### Goal of the exercise
Take the lines from the beginning of the material through the line containing "Nice lady showing" and retype them exactly, leaving the pictures out.

### Data section
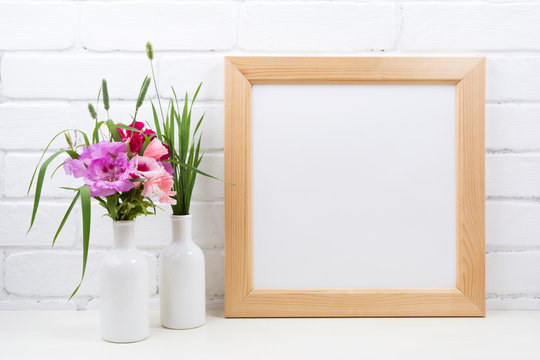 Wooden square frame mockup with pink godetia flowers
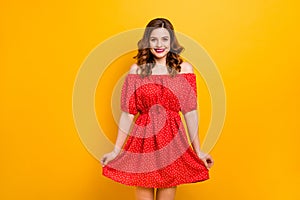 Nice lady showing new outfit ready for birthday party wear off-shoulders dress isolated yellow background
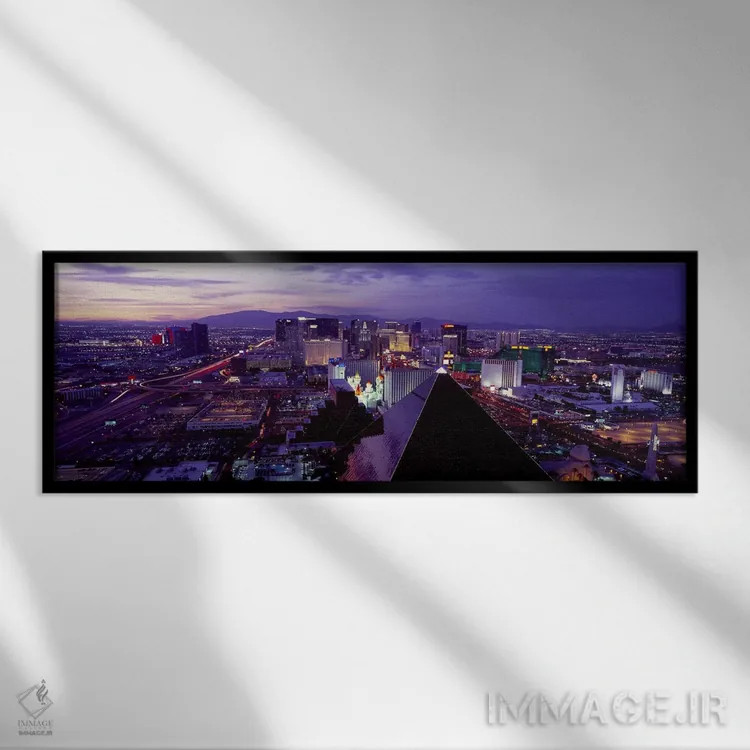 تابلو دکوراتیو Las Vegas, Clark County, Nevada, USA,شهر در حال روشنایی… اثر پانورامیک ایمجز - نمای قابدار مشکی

### Written response
 Wooden square frame mockup with pink godetia flowers
 Nice lady showing new outfit ready for birthday party wear off-shoulders dress isolated yellow background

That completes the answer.